Write out exactly the lines from the one holding "Cat WC ECO - Котешка" to the last line of the entries, both ends included and nothing else, without the pictures.

Pictures with short captions:
· · ·

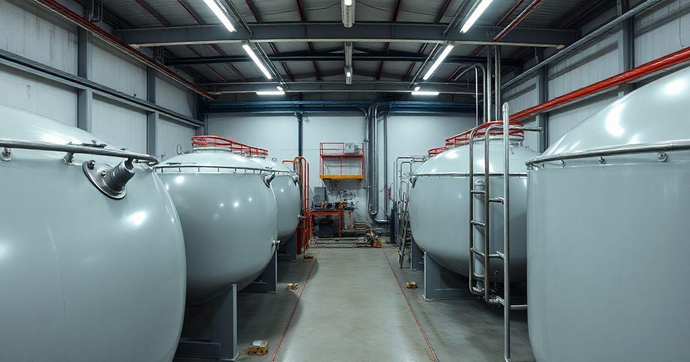 Tanques para Produtos Corrosivos: Segurança e Eficiência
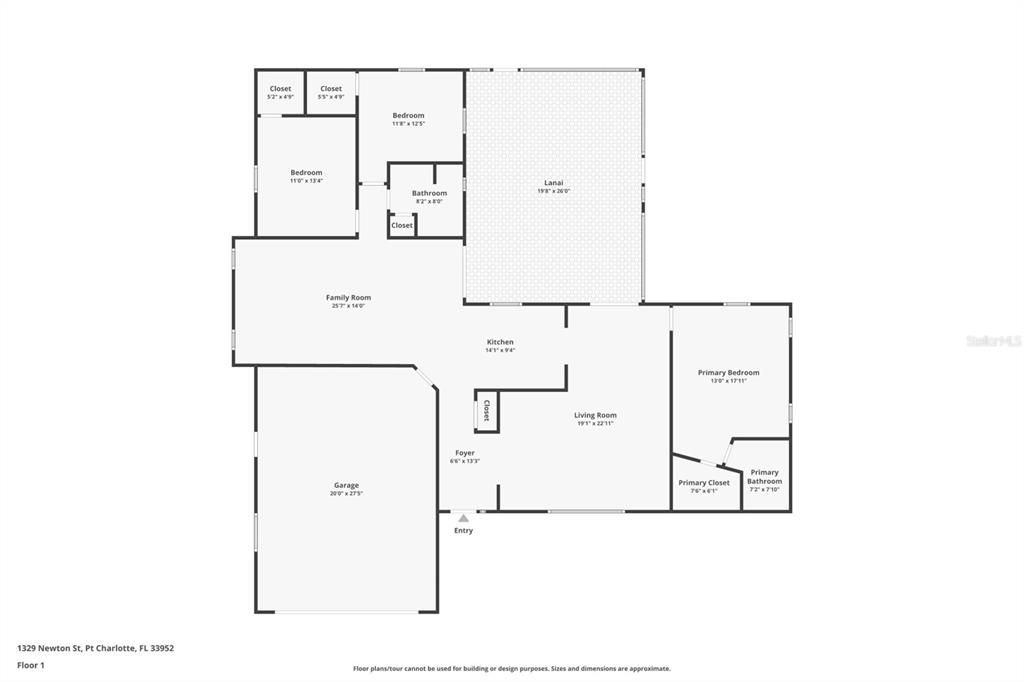 Под контрактом: $325,000 (3 спален, 2 ванн, 1853 Квадратных фут)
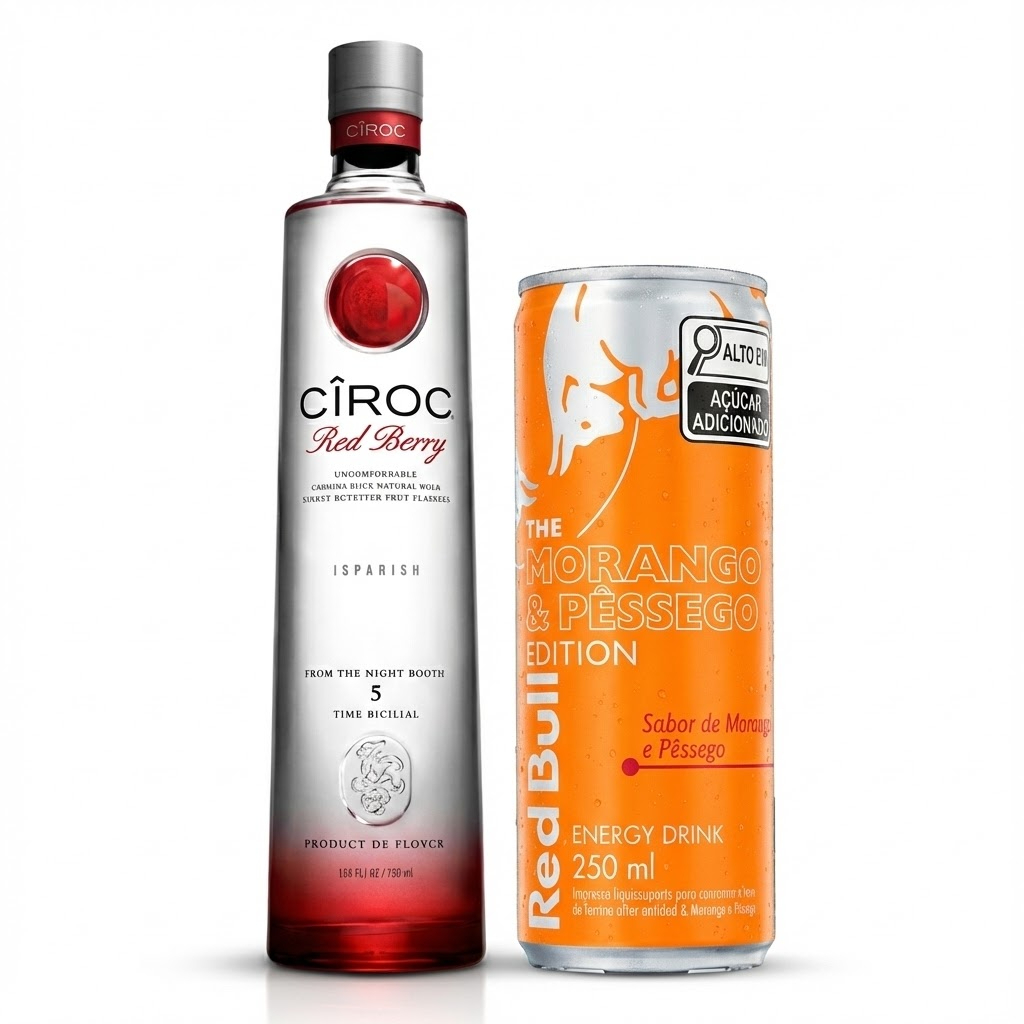 Copão de Vodka com Energético (700ml) – Monte o Seu Descrição: A medida certa para quem busca sabor e refrescância. Servido no copo de 700ml com uma dose caprichada de Vodka, gelo e completado com o energético de sua preferência. Tamanho: 700ml (Copo Cheio) Preparo: Feito na hora do envio para chegar gelado. Personalize: Escolha o sabor do energético e gelo nas opções abaixo.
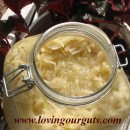 Crispy Crunchy “SOUR”kraut (Sauerkraut)!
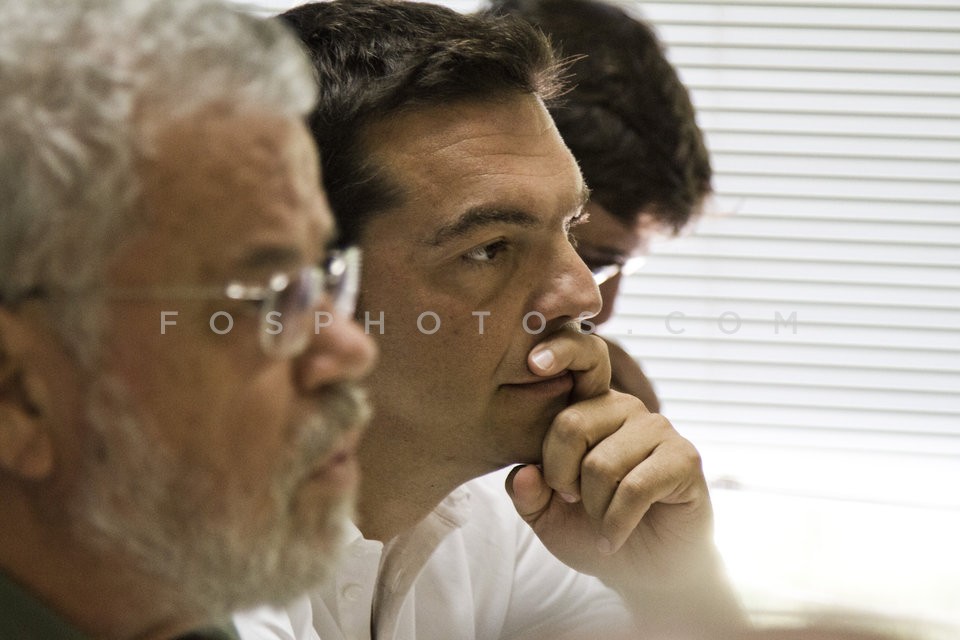 Alexis Tsipras - Hospital Directors / Αλέξης Τσίπρας - Διευθυντές Νοσοκομείων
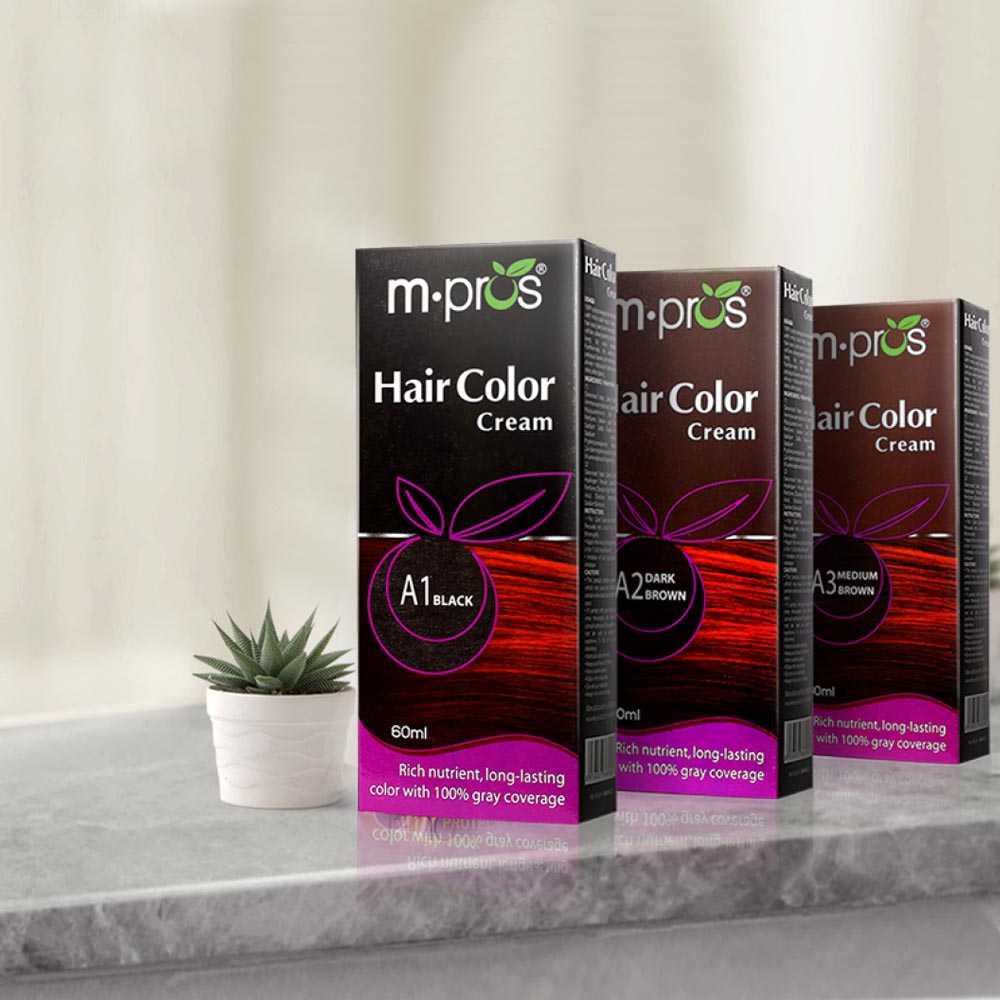 Nhuộm Phủ Bạc 100% Mpros 60ml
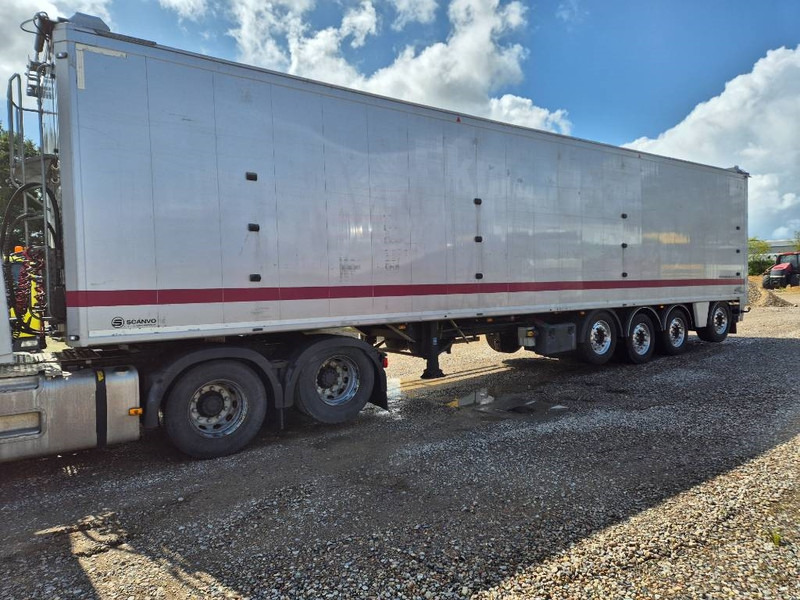 AMT 4 akslet walking floor trailer - Walking floor semi-trailer: picture 3 AMT 4 akslet walking floor trailer - Walking floor semi-trailer: picture 3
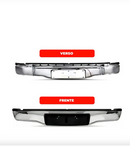 Parachoque Traseiro Hilux Sr Srv 2005 2006 07 A 2015 Cromado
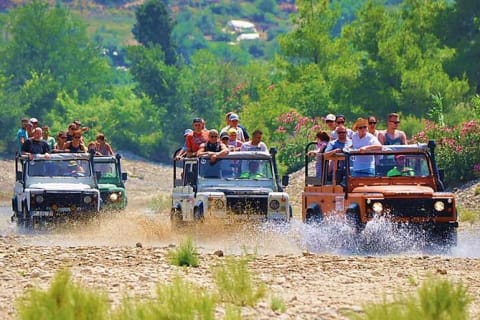 Cover image for the Alanya Jeep Safari Tour: Explore Taurus Mountains w/ Dimcay River experience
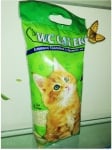 Cat WC ECO - Котешка тоалетна от царевични фибри с аромат на ванилия - биоразградима и разтворима във вода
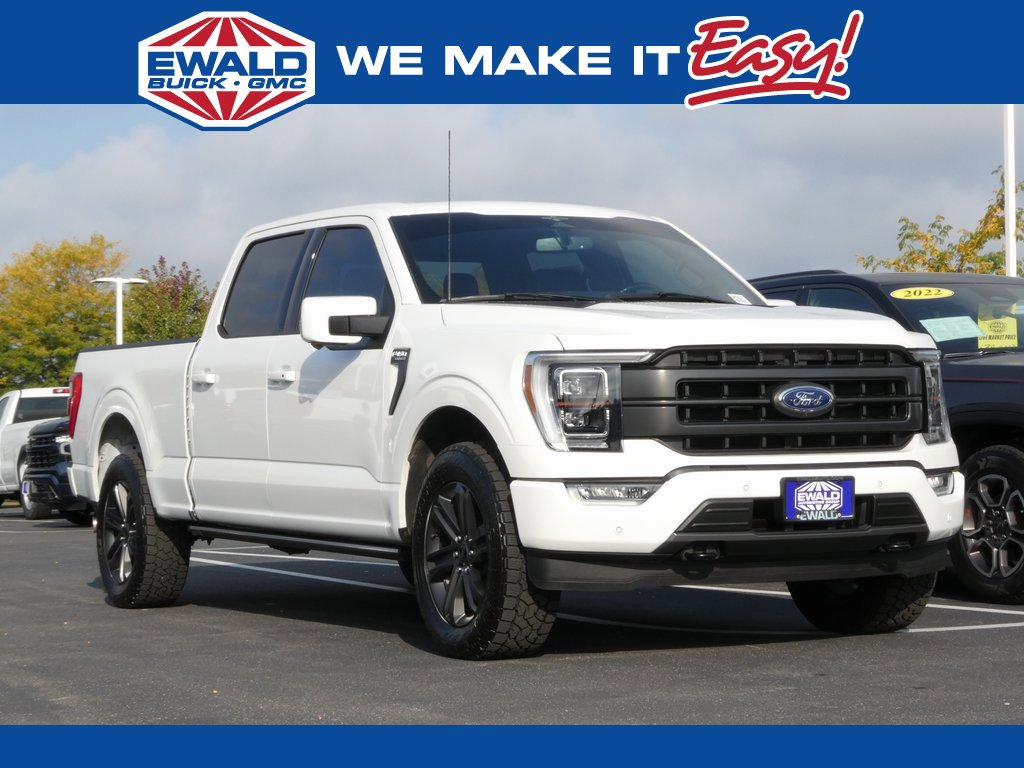 Used 2023 Ford F150 Lariat w/ Equipment Group 502A High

· · ·

TASK RESPONSE:
 Cat WC ECO - Котешка тоалетна от царевични фибри с аромат на ванилия - биоразградима и разтворима във вода
 Used 2023 Ford F150 Lariat w/ Equipment Group 502A High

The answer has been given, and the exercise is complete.